Benefit corporations, like corporations and LLCs, are creatures of statute, and each state that allows them has specific requirements. Currently, approximately 30 U.S. states and the District of Columbia have authorized benefit corporations, with Maryland being the first in 2010. Delaware, the “corporation capital,” adopted its benefit corporation statute in 2013. In six states, benefit corporations will have become effective in 2015 or 2016, and other states are currently in the process of authorizing benefit corporations.
A couple of major distinctions exist between the various states’ authorizing statutes, but most are very similar. One distinction is whether the benefit corporation must meet external standards to measure its performance, such as in Illinois and the District of Columbia, or set its own standards, such as in Delaware. Another distinction is whether the benefit corporation’s purpose is to promote general benefits, such as a material positive impact on society and the environment, or a specific benefit -- for example, addressing the needs of low-income or underserved communities, promoting economic opportunity or preserving the environment.
4. What are B corporations?
B Lab, an independent not-for-profit corporation headquartered in Pennsylvania, is the primary third-party certifier of benefit corporations, and it claims to have certified more than 1,000 benefit corporations from more than 30 countries and 60 industries. This creates some confusion over the terms “benefit corporation” and “B corporation.” Typically, companies certified by B Lab are called B Corporations or Certified B Corporations, while companies subject to their own internal standards or to other external standards are called benefit corporations or public benefit corporations, depending on the state in which they are incorporated. Many companies are both benefit corporations (a legal status) and Certified B Corporations (certified by B Lab), but some are one or the other.
5. What are some potential issues with benefit corporations?
Like LLCs 20 years ago, benefit corporations are relatively new and do not have nearly as much history or precedent as traditional for-profit corporations. For example, it is unclear how will investment and lending community will support benefit corporations and how courts will interpret their pursuits of benefits compared to profits.
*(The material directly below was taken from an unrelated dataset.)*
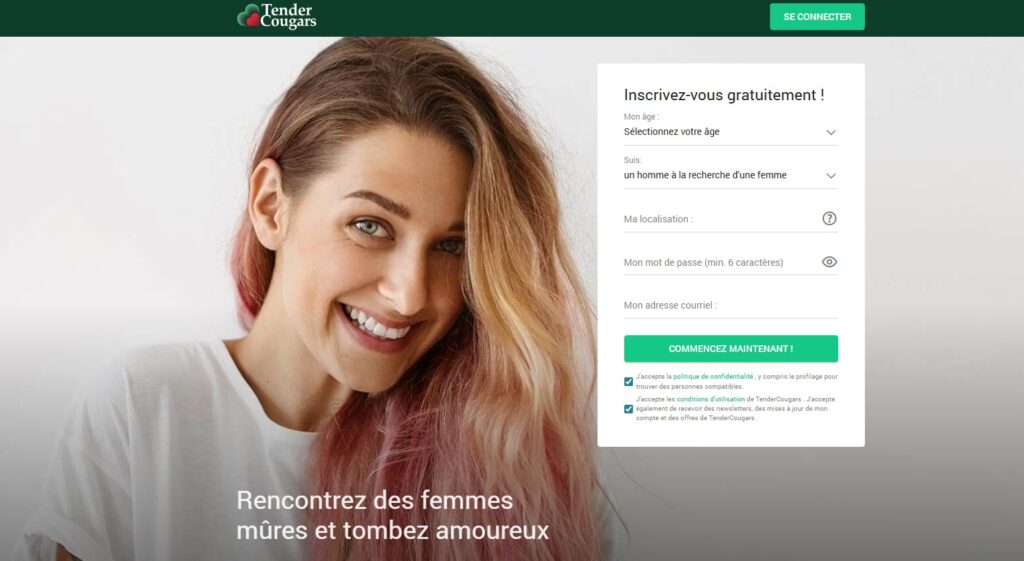 tendercougars avis arnaque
Another potential issue with benefit corporations relates to the increased reporting requirements. Benefit corporations are required to report to their shareholders, and in some states, the public, about how well they met their benefit standards and other information. In Washington, D.C., each benefit corporation must prepare an annual benefit report describing:
• The third-party standard the corporation selected
• How the corporation pursued and met its general and any specific public benefits
• Any circumstances that hindered its pursuit of those benefits
• An assessment of the corporation’s performance against the third-party standard
• Any connection between the corporation and the entity that created the third-party standard
• The name, contact information and compensation of its benefit director and any benefit officer
• Compensation paid to the directors
• The name of shareholders owning 5 percent or more of the corporation’s shares
• A statement of the benefit director.
In Washington, D.C., the annual benefit report must be provided to shareholders, posted on the company’s website and if no website exists, provided to any member of the public requesting it, and provided to the D.C. government, although the directors’ compensation may be removed from all but the shareholders’ reports.
For those who want to accomplish some good in the world, the benefit corporation may be the right choice, but it is not for everyone. Legal counsel can help investors and entrepreneurs analyze their specific situations, and if a benefit corporation is the right choice, assist with the legal process.